● **Aim of the exercise**
Below are records to write out exactly; drop the pictures when you do.
++++++
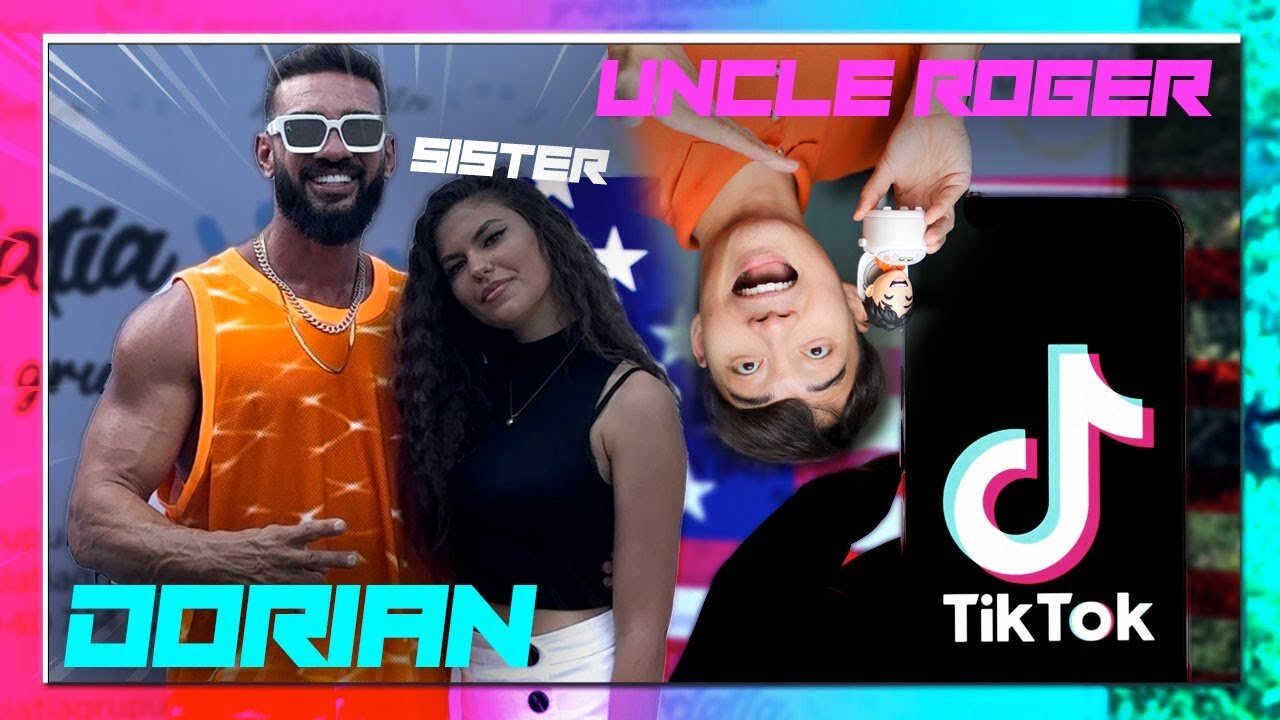 REACTING To My SISTER's TikToks w/ Dorian Popa, Uncle Roger & Costi Max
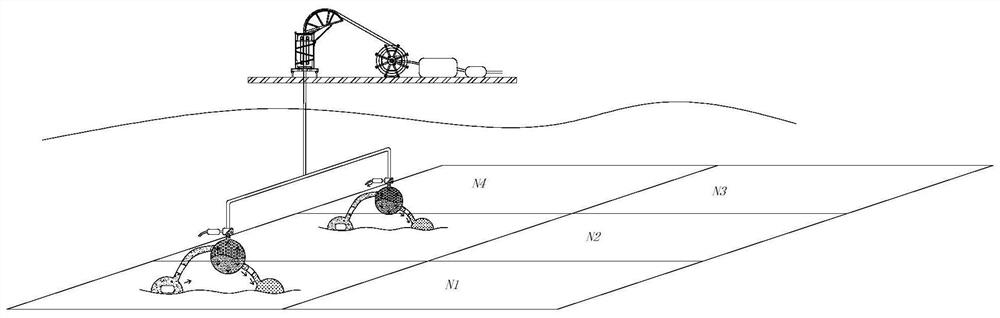 Mining system and method for seabed combustible ice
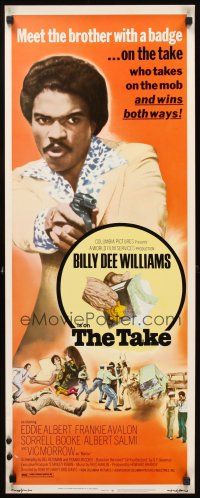 2y637 TAKE insert '74 Billy Dee Williams is a brother who takes on the mob and wins both ways!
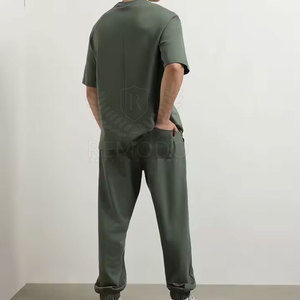 Survêtement d'été pour homme à capuche, 100 % coton, léger, confortable, taille élastique, utilisation hivernale - Product Image 4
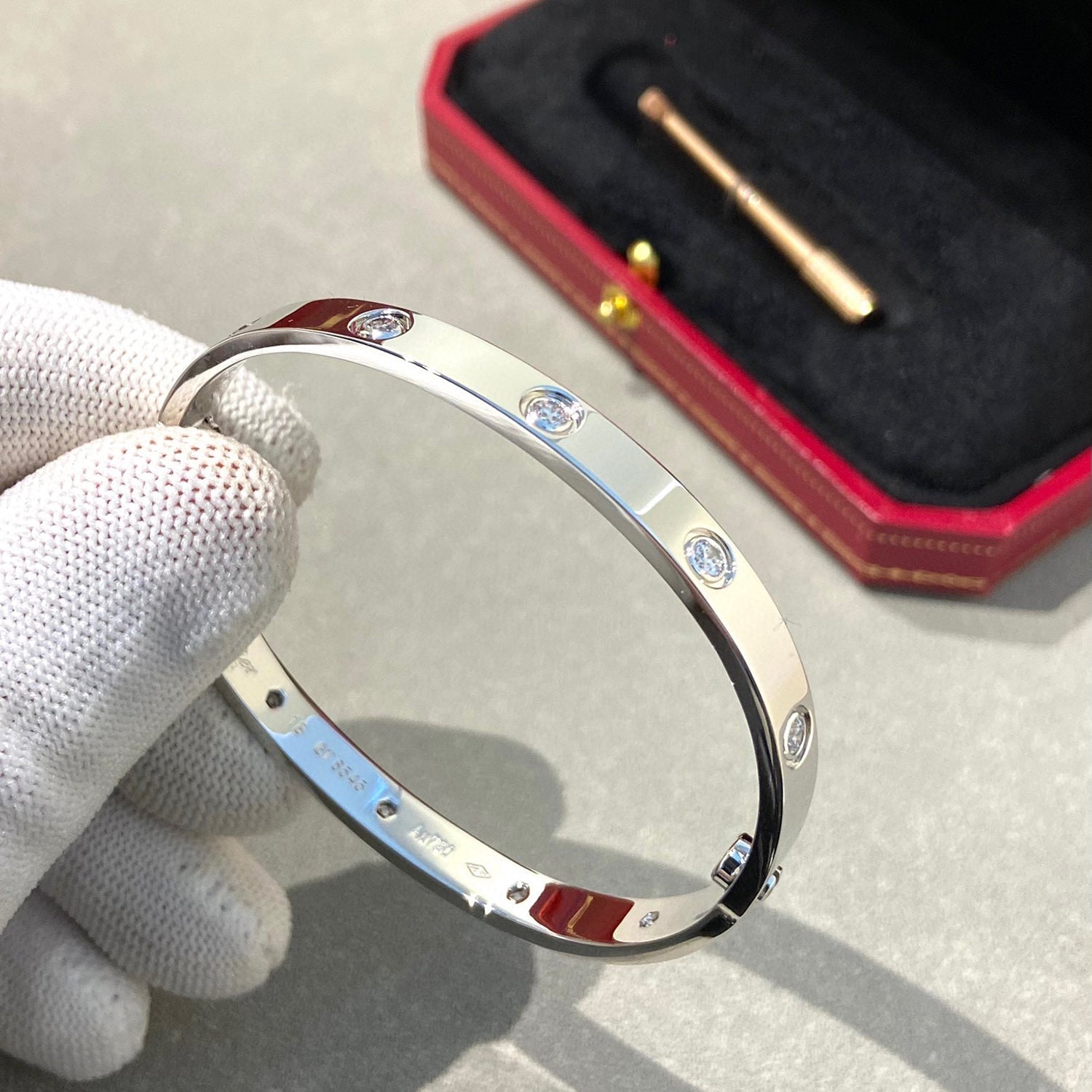 ✨ローズ💎]ラブブレスレット 6.1mm 10ダイヤモンド – Roses Jewellery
++++++
● **Expected answer**
 REACTING To My SISTER's TikToks w/ Dorian Popa, Uncle Roger & Costi Max
 Mining system and method for seabed combustible ice
 2y637 TAKE insert '74 Billy Dee Williams is a brother who takes on the mob and wins both ways!
 Survêtement d'été pour homme à capuche, 100 % coton, léger, confortable, taille élastique, utilisation hivernale - Product Image 4
 ✨ローズ💎]ラブブレスレット 6.1mm 10ダイヤモンド – Roses Jewellery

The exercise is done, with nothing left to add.